(Dataset excerpts)

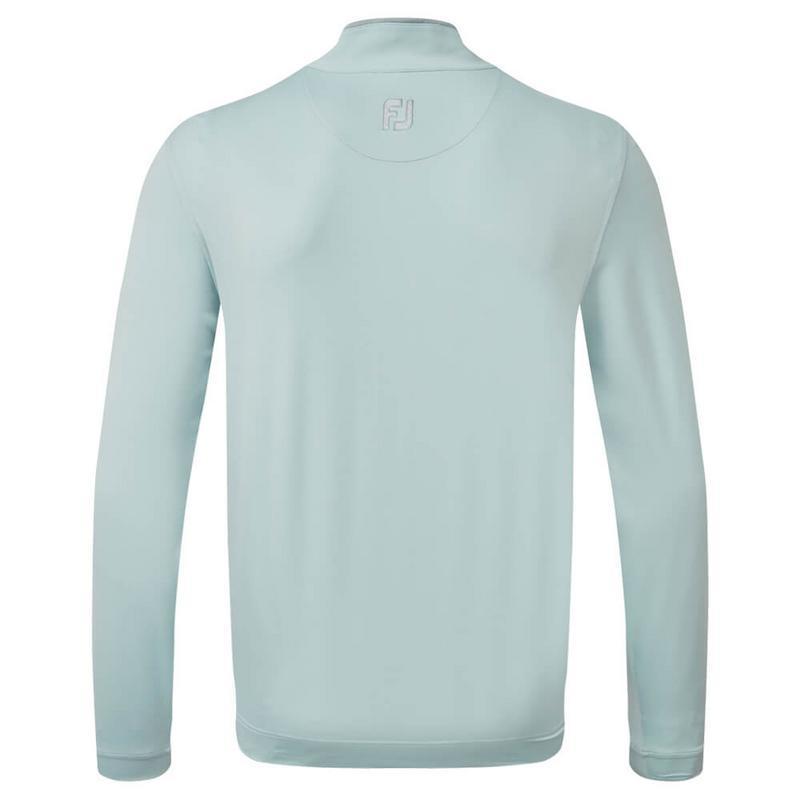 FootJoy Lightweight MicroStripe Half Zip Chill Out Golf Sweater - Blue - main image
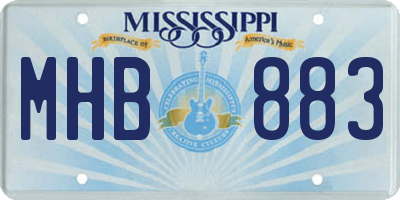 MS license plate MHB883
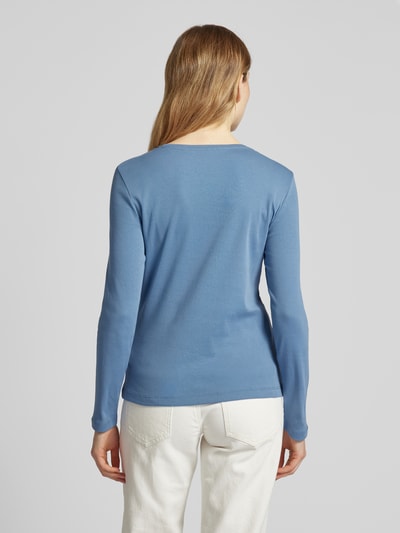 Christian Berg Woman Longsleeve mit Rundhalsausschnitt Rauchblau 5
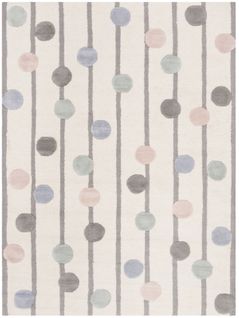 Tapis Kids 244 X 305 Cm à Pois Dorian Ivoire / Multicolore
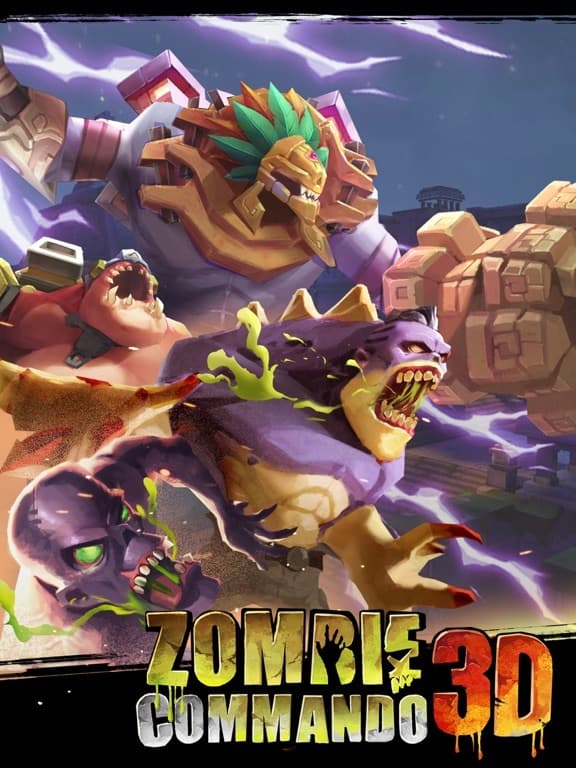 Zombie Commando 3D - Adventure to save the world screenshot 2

(End Dataset excerpts)
(Dataset excerpts)

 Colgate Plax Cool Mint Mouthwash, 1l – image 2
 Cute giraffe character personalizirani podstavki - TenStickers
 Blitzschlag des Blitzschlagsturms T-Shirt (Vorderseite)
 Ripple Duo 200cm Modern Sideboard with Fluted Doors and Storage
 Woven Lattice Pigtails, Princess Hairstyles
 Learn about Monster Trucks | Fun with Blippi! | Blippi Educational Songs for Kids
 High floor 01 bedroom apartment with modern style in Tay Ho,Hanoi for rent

(End Dataset excerpts)

__Instructions to follow__. Using the data above, retype exactly and only the lines from the one containing "FootJoy Lightweight MicroStripe" up to and including the one containing "Zombie Commando 3D", with no pictures carried over.

__Response__.
 FootJoy Lightweight MicroStripe Half Zip Chill Out Golf Sweater - Blue - main image
 MS license plate MHB883
 Christian Berg Woman Longsleeve mit Rundhalsausschnitt Rauchblau 5
 Tapis Kids 244 X 305 Cm à Pois Dorian Ivoire / Multicolore
 Zombie Commando 3D - Adventure to save the world screenshot 2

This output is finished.